As described above, in the fan moving blade of the present invention, each blade has a long blade whose shape from the blade central portion to the blade tip has a predetermined chord length, and is shorter than this long blade. Structure consisting of short blades having a chord length, these long blades and short blades being arranged radially in a staggered manner, with the leading edge of the long blade positioned upstream from the leading edge of the short blade. Therefore, even when air flows in from the upstream side at a supersonic inlet relative velocity, shock waves exist only at the leading edge of the long blade and a boundary layer develops on the upper surface of the long blade, resulting in a short blade. Since the air flowing into the fan becomes subsonic inflow and the development of the boundary layer on the upper surface of the blade is suppressed, the pressure loss of the entire fan blade is reduced, and a fan blade capable of highly efficient air compression can be obtained.

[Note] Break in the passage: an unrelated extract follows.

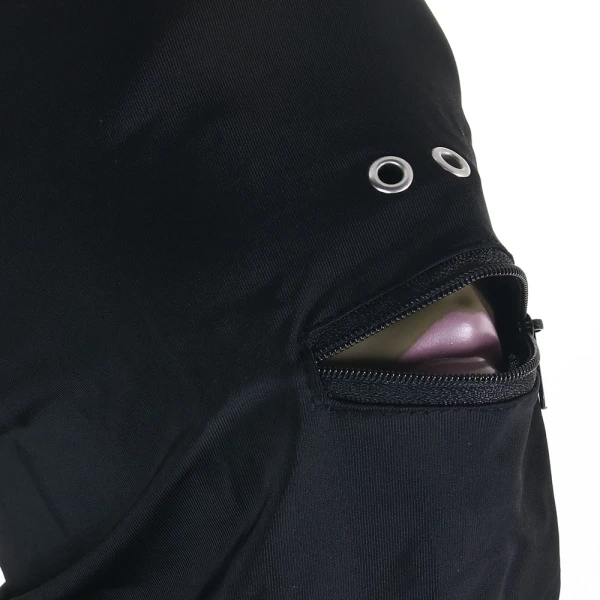 Fetish & Fashion Zippered Mouth Hood By NS Novelties - Black
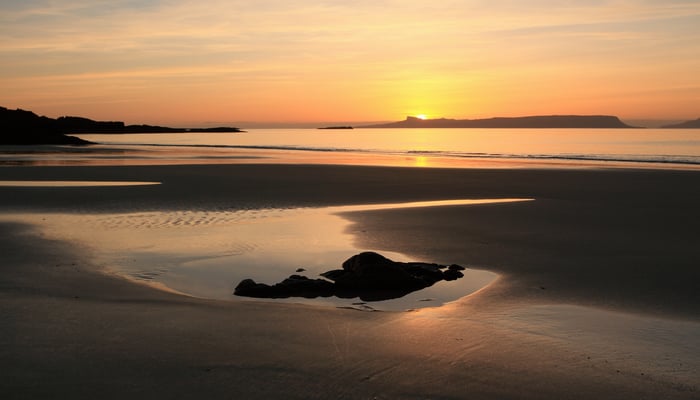 Sunset over the Isle of Eigg, Scotland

[Brief description of drawings]

FIG. 1 is a schematic diagram showing a turbofan engine.

FIG. 2 is a cross-sectional view showing a row of fan moving blades of the present invention.

FIG. 3 is a schematic view showing an air intake of a turbofan engine provided with a fan rotor blade of the present invention.

FIG. 4 is a cross-sectional view showing a blade row of a conventional fan rotor blade.

[Explanation of symbols]

1 Air Intake 3 Fan Air Exhaust Duct 4 Compressor 10 Fan Rotating Shaft 30 Fan Blade 31 Blade 31b Blade Tip 31c Blade Central Part 31A Long Blade 31B Short Blade 32 Long Blade Leading Edge 33 Long Blade Leading Edge 35 Cascade C ₁ Long blade chord length C ₂ Short blade chord length S ₁ Pitch U ₁ Rotating peripheral velocity of fan blade V ₁ Air inlet absolute velocity W ₁ Air inlet relative velocity

Claims (1)

[Claims] 1. A fan rotor blade that is arranged at an air intake of a turbofan engine and that compresses inflowing air by the rotation of a plurality of radially arranged blades and sends the compressed air to a downstream side. The shape from the blade central part to the blade tip is composed of long blades having a predetermined chord length and short blades having a chord length shorter than the long blades, and these long blades and short blades are radially alternated. The fan blade is characterized in that the leading edge of the long blade is located upstream of the leading edge of the short blade.